My husband and I have been married for almost 15 years and together for twenty. We have a 10yo together. It’s always been up and down but declined significantly after the birth of our child. He is often very moody and withdrawn and has angry outbursts with name calling and belittling. Only recently have I come to recognise this as verbal abuse — I just brushed it off and put it down to his temper. He considers himself very superior and is impossible to reason with at any level. Any attempt to discuss emotions or situations is either met with complete dismissal or derision.
Recently we had a major disagreement and I refused to give in. I went outside our flat to get something from the corridor and he slammed the door behind me and locked me out for 90 minutes. I had bare feet and no phone so couldn’t go anywhere. A few days later when emotions were calmer I told him this was completely unacceptable and he had no right.

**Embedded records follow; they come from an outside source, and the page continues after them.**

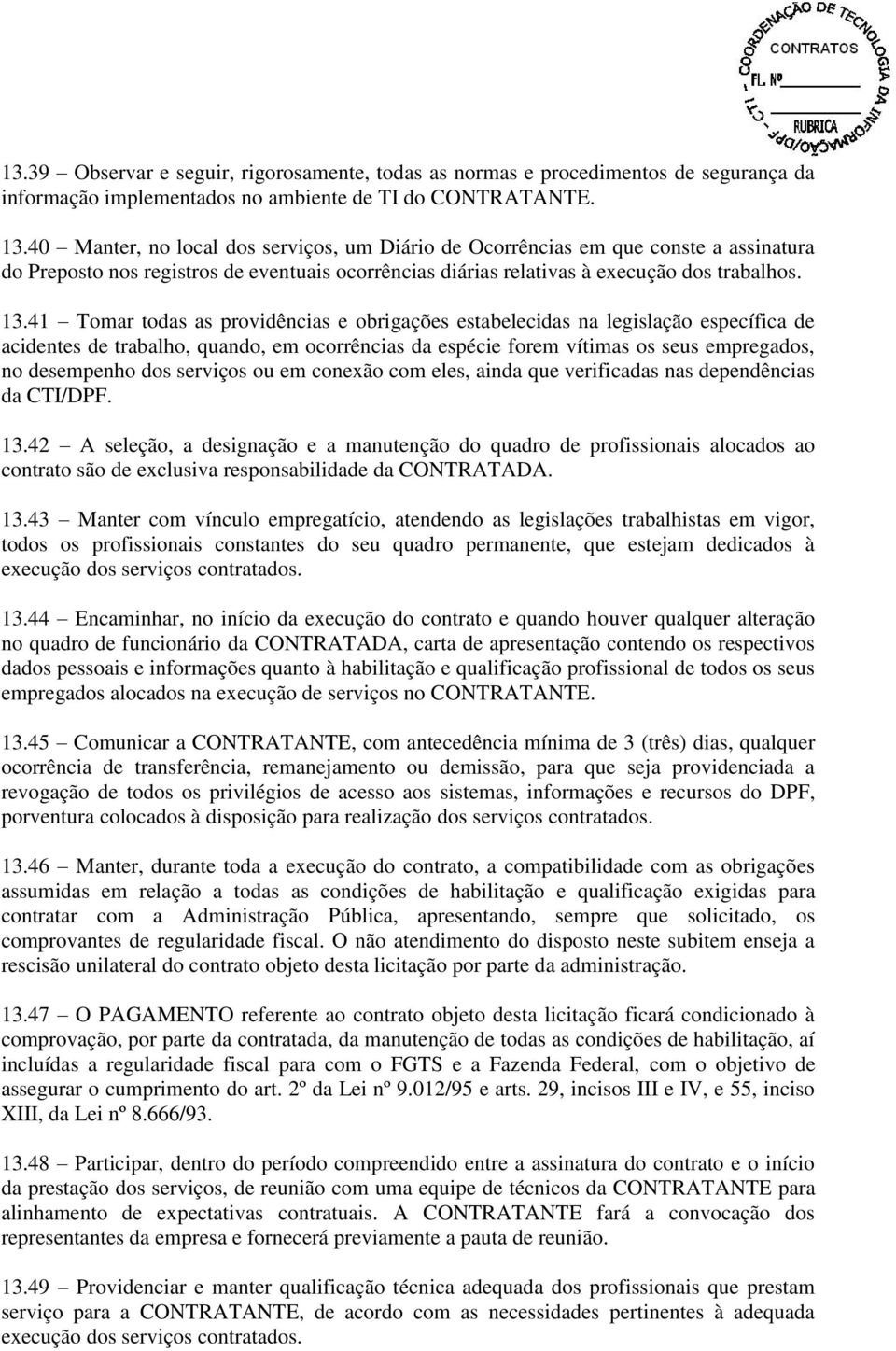 41 Tomar todas as providências e obrigações estabelecidas na legislação específica de acidentes de trabalho, quando, em ocorrências da espécie forem vítimas os seus empregados, no desempenho dos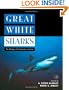 Great White Sharks: The Biology of Carcharodon carcharias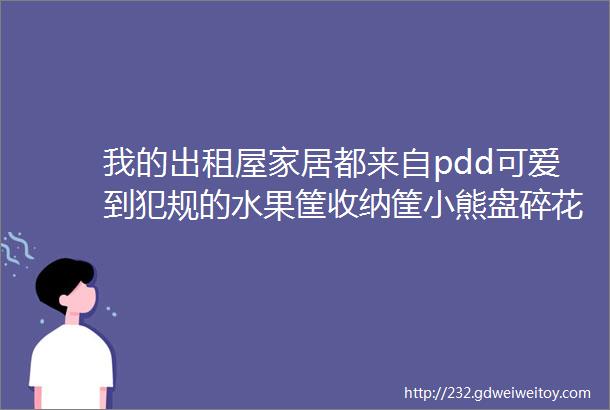 我的出租屋家居都来自pdd可爱到犯规的水果筐收纳筐小熊盘碎花桌布还有科丽尼头皮素护理精华喷雾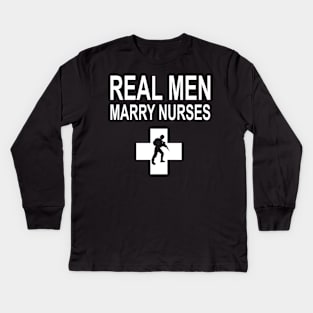 Real Men Marry Nurses Police Kids Long Sleeve T-Shirt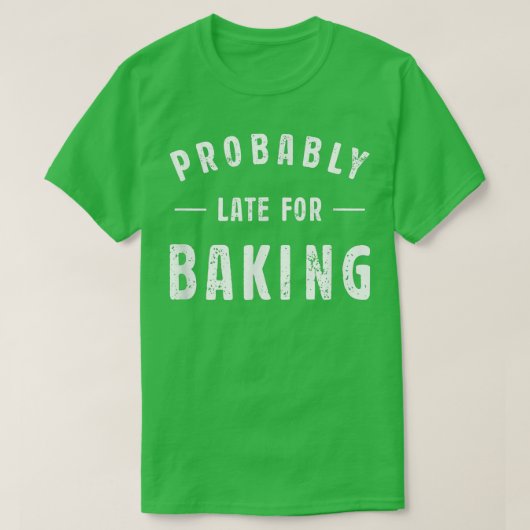 T-shirt Probably Late For Baking Meme Lover Funny Saying B (Design devant)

He responded that I deserved it.
Finally, after years, my eyes were truly opened to his behaviour. I really get now that he has no love or respect for me. There is no going back.
However.
I work in the arts as a freelancer (I work every day from home, but income is extremely low and unreliable). I am completely reliant on him financially. He is a very high earner and we live in an affluent area — child goes to private school, etc. There is no way I could even hope to find a job with my qualifications that would enable my child and me to continue to live in this area etc. I also do NOT want him to have our child 50/50 as I hate how he speaks and disciplines. Divorce would be a massive upheaval and I wonder if it would do more harm to my child than good. I can live anywhere, working wherever to earn a living— I’m just worried about my child. I do have an appointment with a divorce lawyer to discuss my options but also worried about the emotional toll.
So — has anyone stayed and felt it was the right thing to do? That the price of leaving was just too high? I get only I can make this decision, but really need others’ perspectives. Thank you.